Cold Steel
Page 209
“I can hear you moving about, Cat. Do you think I did not notice when you suddenly vanished? Dark Ataecina! Whence comes this shadow magic? Has the Hassi Barahal clan nurtured it close to their hearts all these years? Uniquely suited for a family of spies, don’t you think? Or is it only you, Cat? Not cold, not fire, but a creature as yet unclassified by the scholars.”
Fortunately, before I felt obliged to answer this salvo, all delivered in a cheerful tone, boots sounded in the corridor. I threw myself on the couch and pretended to be asleep as Drake walked in. The whiff of smoke made me choke.
“I have discovered another apt fire mage. Another girl.”
“You seem to prefer the girls, James.” Camjiata’s tone seemed distracted, but I heard the edge cutting beneath his genial disinterest.

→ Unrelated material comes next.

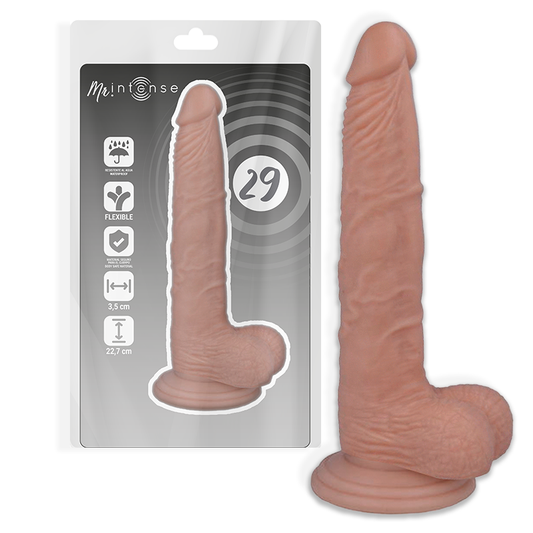 Mr. Intense Mr Intense - 29 Realistic Cock 22.7 Cm -O- 3.5 Cm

“Girls are more malleable. More grateful, for I give them a status and independence they cannot gain elsewise. Thus they are the most loyal of all. Most of them, anyway. Not this one.” I felt the pressure of his gaze as he looked at me. I wanted to leap up and stab him, but Vai’s cautions and my promise to the radical cause stayed my hand. “Women are so grievously shallow-minded. If the arrogant cold mage weren’t so handsome and cocksure, she wouldn’t love him half as well.”
“Really, James, you must give up this unseemly obsession.”
“I care nothing for her. Angeline is far more beautiful and an equal to me besides. But she will lead me to him.”
“If you kill him, I will be seriously displeased with you.”
Drake laughed. “And then what? Then what will you do?”
Tension stung like the snap of air before a thunderstorm breaks.
“Do you want to find out, James?”
Noble Ba’al, but I had to admire the general’s self-assurance! Drake hesitated for so long I almost popped my head up just to enjoy the expression that surely soured his face. Rory prodded me with his foot. I stayed curled up.
“I am aware of what I owe to you. But I am also aware of what you owe to me. You are a murderer, condemned by your own kinfolk in your own clan’s court of law.”
“They left me to burn after stealing my inheritance! Of course I acted to save myself!”
“Any justness in your actions does not change the fact that I brought you under my protection at considerable risk to my reputation.”
“You promised me an army to take back what is mine.”
“An army you shall have, once my victory is assured. How long do you think you will last without my support, James?”
“I am coming to question whether I need your support at all. My fire mages are loyal to me because they know I am the only one who will raise them up and defend them. They will never let any harm come to me. I used to think I needed your army, but now I wonder if all I need are powerful fire banes. Who would dare oppose me then?”
“A constant application of terror and grief is no way to rule.” Footsteps sounded in the corridor. “Here are my officers. Have your people ready to ride within the half hour.”
“I shall not be patient for much longer,” muttered Drake.
The instant the sting of Drake’s presence faded from the room, I kicked Rory’s shins and got up. The staff officers nodded at me; they had accepted our presence among them with the alacrity of youthful disinterest. After all, they had a war to fight. We made a meal of bread and cheese, and I was glad to have it for I suspected that many of the soldiers got nothing. Before the sun’s edge topped the horizon, the troops were moving north in their columns. The pops and cracks of gunfire signaled a skirmish far in the advance.
“This knife’s edge must be walked cautiously,” remarked Camjiata when he and I had a moment riding apart from the others. “You do understand, do not you, that if we lose this battle today, then all is lost?”
“Because the princes and mages will crack down so hard on dissent that it will be decades or generations before another radical movement has a chance to rise? Or because you’ll have lost control of Drake? Never believe I am selfless enough to sacrifice my husband on the altar of your empire.”
“Just buy me time, Cat. Do nothing rash.” He glanced toward where Drake rode amid his company of mages, then back to me. “Had you been my daughter, you would have been loyal to me.”
“Tara gave me the father she wanted me to have,” I said softly, but he could not hear.
The rising sun bent its rays over the landscape. The road sloped upward along a gentle rise. Rumbling booms shook the air. A frantic blaring of trumpets, as with warning calls, was followed by the crackling of gunfire, which at length subsided into an uncanny quiet that made me more nervous than anything that had come before.